Plus vous approchez, plus vous vous dites, mais comment va t-on faire pour envoyer
une amarre là haut, c’est aussi haut que le mât !
Une fois dedans, vous réalisez que les murs sont loin d’être bien droit, ils
sont faits de pierre de taille, gluants et noircis par les algues. Chaque pierre
à ses propres aspérités et vous donne l’impression qu’elles se disent : “chouette
un nouveau bateau à érafler… on va peut être pouvoir se le faire celui-là , regarde
les pare-battages ridicules qu’il a.”
En général, il y a des renfoncements pour passer une échelle ou pour avoir
un point d’attache montant, mais ces renfoncements sont avant tout des angles droits
saillants qui adorent venir se mettre entre 2 pare-battages..
Et puis il y a du courant là dedans, normal avec la cascade.., rapidement le bateau
commence à se mettre de travers.. “Hey mais il y a le mât qui dépasse, avec le fragile
feu de mât au bout”… il faut être réactif et jouer des pieds, des mains et de la gaffe.
Tout à coup, surgit une perche, tendue par l’éclusier, au dessus de ma tête,
j’ai d’abord cru qu’il fallait que je l’attrape pour redresser le bateau, en fait,
il attendait que j’y passe une amarre.
Il la passe autour de la bite (je n’ai pas écrit “sa”), cela s’appelle aussi un bollard (terme anglais),
et nous renvoie le reste pour que nous gérions la tension.
A partir de là , tout va mieux, enfin pour un temps.
Avec la perche, l’éclusier récupère la deuxième amarre et la passe autour du bollard ce
qui nous permet de plaquer le bateau en position fixe contre les murs gluants..
L’éclusier disparaît, je crie à Stéph : “prépares toi ! le manège va commencer”..
Je n’ai absolument aucune idée de comment ça va se passer.
Nous ne sommes pas trop mal placés, à l’arrière de l’écluse, l’eau va venir de devant et c’est
là qu’il y aura le plus de remous.

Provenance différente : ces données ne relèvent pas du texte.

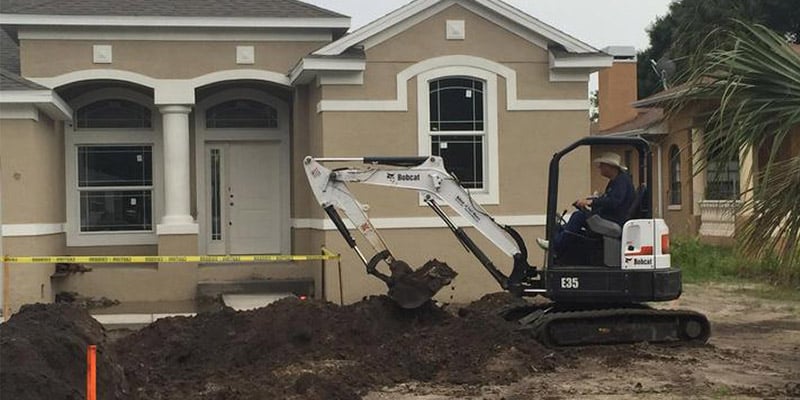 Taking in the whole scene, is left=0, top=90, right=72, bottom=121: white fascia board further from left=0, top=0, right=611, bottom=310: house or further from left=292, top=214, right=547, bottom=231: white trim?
left=292, top=214, right=547, bottom=231: white trim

Dans remous, il faut comprendre remuer au sens des vagues.
Les remous font monter et descendre le bateau tout en l’écartant et en le plaquant de plus
belle contre le mur. Bref, si vous avez peur des rayures et que vous avez de simples
pare-battages de port, les remous sont vos ennemis.
Mais à l’arrière il y a aussi ce fichu angle qui ne demande qu’à laisser son empreinte dans la coque..
J’explique à Stéphanie : le niveau va monter, donc au fur et à mesure les amarres vont se détendre,
il faut donc tirer dessus pour qu’elles soient toujours tendues, car si elles sont molles on
va se balancer et risquer d’abîmer…
Quand tout à coup, la cascade s’emballe, le bruit de l’eau devient très fort. Au début le bateau ne semble pas
affecté par les remous qui se forment devant, puis tout à coup, l’eau prend ses droits.
Il y a comme de la houle dans l’écluse, les pare-battages s’écrasent, nos chandeliers qui débordent naturellement
un peu sur l’extérieur ne sont qu’à quelques millimètres de servir d’appui (nos pare-battages sont trop petits).
Je tire tout ce que je peux pour maintenir la coque contre le mur, mais avec une amarre quasi verticale
on ne peut pas faire grand chose. Très vite je me sers de mes mains pour éviter le pire. L’avantage
des mains est qu’elles portent plus loin que le pare-battage.
Puis les mouvements commencent à s’estomper, nous avons déjà monté plus de la moitié de la hauteur.
La suite sera de la rigolade.

Une fois en haut, on se dit “Wow”, on a rien pété mais il en reste combien comme ça ? 156 ?!?
Ca va pas le faire !
Pendant que nous nous acquittons de notre droit de passage : voir : “Traverser le canal du midi en voilier”
l’éclusier nous explique que toutes les écluses qui suivent sont automatiques, elles sont plus petites
et de ce fait fonctionne sans éclusier. Il avoue avec un petit sourire d’enfant que cette fois-ci, il y
est allé un peu fort (il gère le débit de remplissage).
L’homme est somme toute sympa mais a juste une façon de s’amuser qui ne cadre pas avec ma situation
de nouveau propriétaire…
Nous passerons encore une petit écluse avant la fermeture et passerons notre première nuit dans le canal de Garonne.
Un grand moment de sentiment d’accomplissement.